Records from a dataset:

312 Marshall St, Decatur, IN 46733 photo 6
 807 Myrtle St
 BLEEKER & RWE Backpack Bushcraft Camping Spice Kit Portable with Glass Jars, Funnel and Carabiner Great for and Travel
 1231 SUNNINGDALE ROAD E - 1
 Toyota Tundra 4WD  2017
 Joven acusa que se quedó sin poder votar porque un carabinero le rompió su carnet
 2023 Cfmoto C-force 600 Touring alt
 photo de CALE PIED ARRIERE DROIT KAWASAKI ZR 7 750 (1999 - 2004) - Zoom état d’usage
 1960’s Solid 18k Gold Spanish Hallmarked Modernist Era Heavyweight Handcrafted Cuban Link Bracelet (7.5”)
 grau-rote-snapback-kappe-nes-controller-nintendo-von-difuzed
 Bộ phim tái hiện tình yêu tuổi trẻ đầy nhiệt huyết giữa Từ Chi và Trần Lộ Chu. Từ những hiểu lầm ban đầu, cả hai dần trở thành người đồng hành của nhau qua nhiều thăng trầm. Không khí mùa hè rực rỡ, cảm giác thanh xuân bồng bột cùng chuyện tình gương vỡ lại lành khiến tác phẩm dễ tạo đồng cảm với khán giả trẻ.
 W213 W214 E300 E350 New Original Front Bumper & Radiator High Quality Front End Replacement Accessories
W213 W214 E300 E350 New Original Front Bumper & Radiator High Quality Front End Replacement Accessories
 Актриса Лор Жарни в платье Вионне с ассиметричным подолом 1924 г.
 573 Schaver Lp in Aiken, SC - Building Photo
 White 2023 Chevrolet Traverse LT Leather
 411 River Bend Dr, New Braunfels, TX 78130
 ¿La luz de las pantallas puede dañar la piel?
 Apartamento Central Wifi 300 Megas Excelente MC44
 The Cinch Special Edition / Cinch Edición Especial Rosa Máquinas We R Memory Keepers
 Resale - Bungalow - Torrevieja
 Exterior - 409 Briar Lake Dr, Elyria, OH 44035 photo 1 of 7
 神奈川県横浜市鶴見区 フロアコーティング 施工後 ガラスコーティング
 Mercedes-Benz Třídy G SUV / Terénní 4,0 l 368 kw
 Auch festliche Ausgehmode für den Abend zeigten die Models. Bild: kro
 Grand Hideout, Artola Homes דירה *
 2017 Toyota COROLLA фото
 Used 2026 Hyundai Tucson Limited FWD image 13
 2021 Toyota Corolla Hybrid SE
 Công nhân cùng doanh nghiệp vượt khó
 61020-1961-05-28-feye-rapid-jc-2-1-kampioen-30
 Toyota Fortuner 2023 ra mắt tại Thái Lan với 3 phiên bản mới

Task to complete: Transcribe all the entries exactly, as they stand.

Exercise solution:
312 Marshall St, Decatur, IN 46733 photo 6
 807 Myrtle St
 BLEEKER & RWE Backpack Bushcraft Camping Spice Kit Portable with Glass Jars, Funnel and Carabiner Great for and Travel
 1231 SUNNINGDALE ROAD E - 1
 Toyota Tundra 4WD  2017
 Joven acusa que se quedó sin poder votar porque un carabinero le rompió su carnet
 2023 Cfmoto C-force 600 Touring alt
 photo de CALE PIED ARRIERE DROIT KAWASAKI ZR 7 750 (1999 - 2004) - Zoom état d’usage
 1960’s Solid 18k Gold Spanish Hallmarked Modernist Era Heavyweight Handcrafted Cuban Link Bracelet (7.5”)
 grau-rote-snapback-kappe-nes-controller-nintendo-von-difuzed
 Bộ phim tái hiện tình yêu tuổi trẻ đầy nhiệt huyết giữa Từ Chi và Trần Lộ Chu. Từ những hiểu lầm ban đầu, cả hai dần trở thành người đồng hành của nhau qua nhiều thăng trầm. Không khí mùa hè rực rỡ, cảm giác thanh xuân bồng bột cùng chuyện tình gương vỡ lại lành khiến tác phẩm dễ tạo đồng cảm với khán giả trẻ.
 W213 W214 E300 E350 New Original Front Bumper & Radiator High Quality Front End Replacement Accessories
W213 W214 E300 E350 New Original Front Bumper & Radiator High Quality Front End Replacement Accessories
 Актриса Лор Жарни в платье Вионне с ассиметричным подолом 1924 г.
 573 Schaver Lp in Aiken, SC - Building Photo
 White 2023 Chevrolet Traverse LT Leather
 411 River Bend Dr, New Braunfels, TX 78130
 ¿La luz de las pantallas puede dañar la piel?
 Apartamento Central Wifi 300 Megas Excelente MC44
 The Cinch Special Edition / Cinch Edición Especial Rosa Máquinas We R Memory Keepers
 Resale - Bungalow - Torrevieja
 Exterior - 409 Briar Lake Dr, Elyria, OH 44035 photo 1 of 7
 神奈川県横浜市鶴見区 フロアコーティング 施工後 ガラスコーティング
 Mercedes-Benz Třídy G SUV / Terénní 4,0 l 368 kw
 Auch festliche Ausgehmode für den Abend zeigten die Models. Bild: kro
 Grand Hideout, Artola Homes דירה *
 2017 Toyota COROLLA фото
 Used 2026 Hyundai Tucson Limited FWD image 13
 2021 Toyota Corolla Hybrid SE
 Công nhân cùng doanh nghiệp vượt khó
 61020-1961-05-28-feye-rapid-jc-2-1-kampioen-30
 Toyota Fortuner 2023 ra mắt tại Thái Lan với 3 phiên bản mới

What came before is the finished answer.